The lawyers for the family of Mike Brown formally announced Thursday the filing of a civil lawsuit against Ferguson Police Officer Darren Wilson, the city of Ferguson, Missouri, and the Ferguson Police Department that they said would introduce new evidence to prove Wilson didn’t have to shoot the unarmed teen last August. Brown family attorney Anthony Gray said the lawsuit, which seeks monetary damages but does not specify an amount, will be the first time that Wilson will be cross-examined over his version of events in the shooting that spurred national protests.

“We’re hopeful that our presentation of the evidence through this case will highlight the facts that nobody has seen, the physical evidence that nobody has talked about,” Gray said on the steps of St. Louis County Court as Brown’s family looked on during a news conference. “Not only should [Wilson] have been indicted from the very beginning, but he should be held responsible for the killing of Michael Brown Jr. on Aug. 9, 2014.”

The previously unseen evidence includes bullets lodged in nearby buildings, which Gray said proves Wilson shot at Brown as the 18-year-old was fleeing the officer. Wilson has maintained that he shot Brown during a struggle for his gun. A grand jury chose not to indict Wilson late last year, which set off a wave of sometimes violent protests in Ferguson.

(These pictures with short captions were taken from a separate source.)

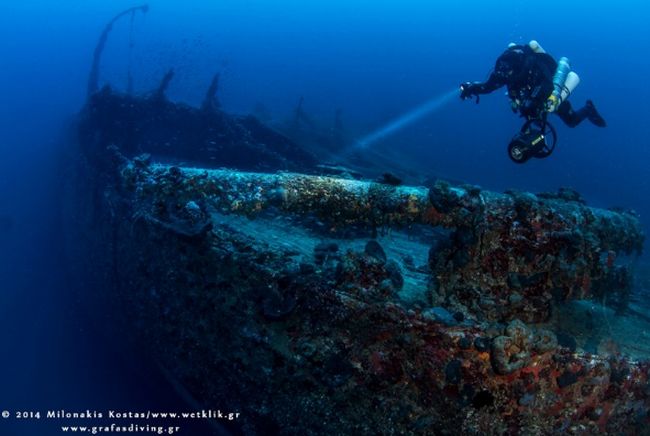 Το αριστερό πρυμναίο πυροβόλο των 140 χιλ.. (© Kostas Milonakis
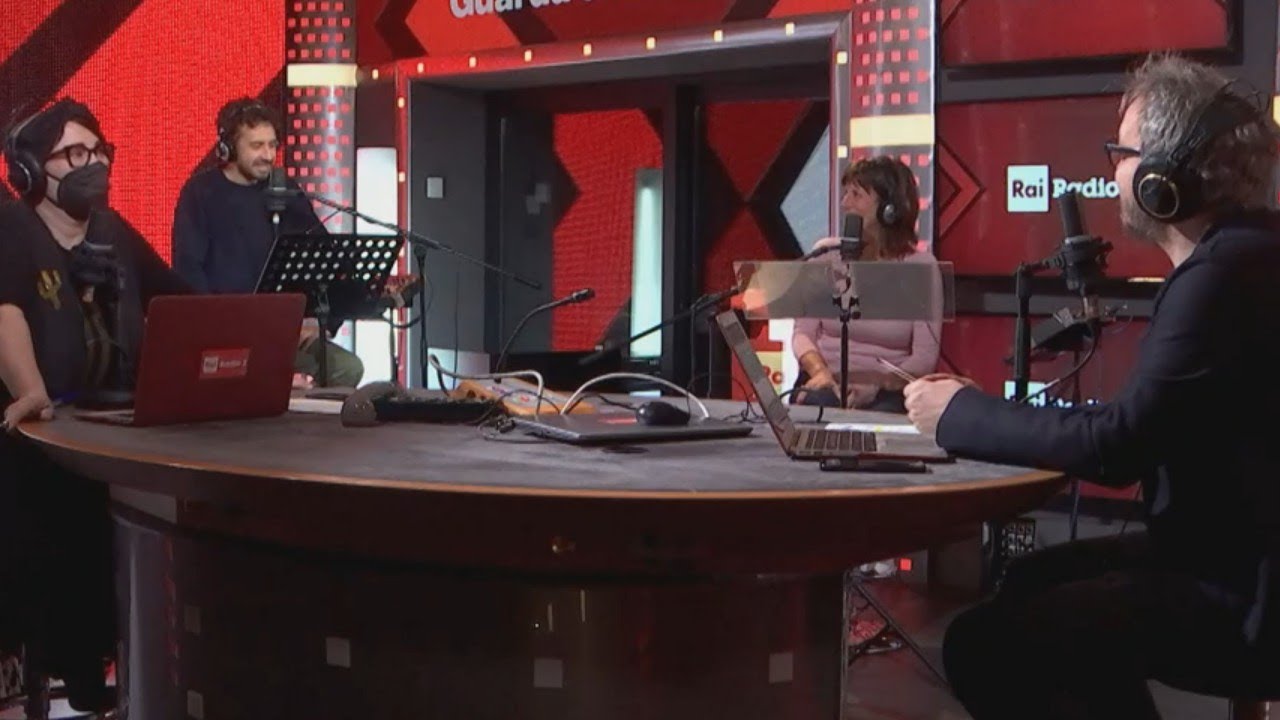 L'anziana abbonata Rai irrompe nella durante la diretta di Black Out - Rai Radio2 - Guarda che Radio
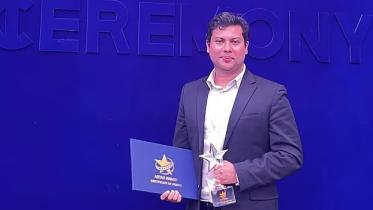Iqbal Hossain Chowdhury wins Best Emerging Director at Astar Awards for ‘Boli: The Wrestler’.jpg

Besides Wilson, the suit names the city of Ferguson and former Ferguson Police Chief Tom Jackson as defendants. “They cultivated the mindset” that led to the shooting, Gray said. “They fostered the environment that made the gunning down of Michael Brown Jr. effortless for Darren Wilson. He did it without compunction.” The city declined to comment on the lawsuit, according to NBC News.

Gray was referring to a scathing Justice Department report that found the Ferguson police force systematically discriminated against the city’s black residents, using them as revenue generators through excessive fines that put some citizens into deep debt. But the report also concluded that federal civil rights charges weren’t warranted in the Brown shooting.

Benjamin Crump, an attorney and Brown family spokesman, said the culture in Ferguson and the Brown shooting couldn’t be separated. “We believe that a culture existed that forecast something like this would happen in Ferguson, Missouri, and when you think about that Justice Department that revealed this cesspool of racism, how [do] you try to distinguish that overwhelming assortment of evidence from what happened on that Saturday afternoon to Mike Brown?” he asked. “How are individual officers not supposed to be affected by the things that existed on those emails?” he continued, referring to messages where President Barack Obama was characterized as a baby ape, among other racist missives.

Gray said the grand jury didn’t have the experience or the training to ask tough questions of Wilson, but that Brown’s legal team will be able to cross-examine the former officer at a civil trial. “How could a layperson know what to scrutinize in terms of a police officer’s behavior?” he asked.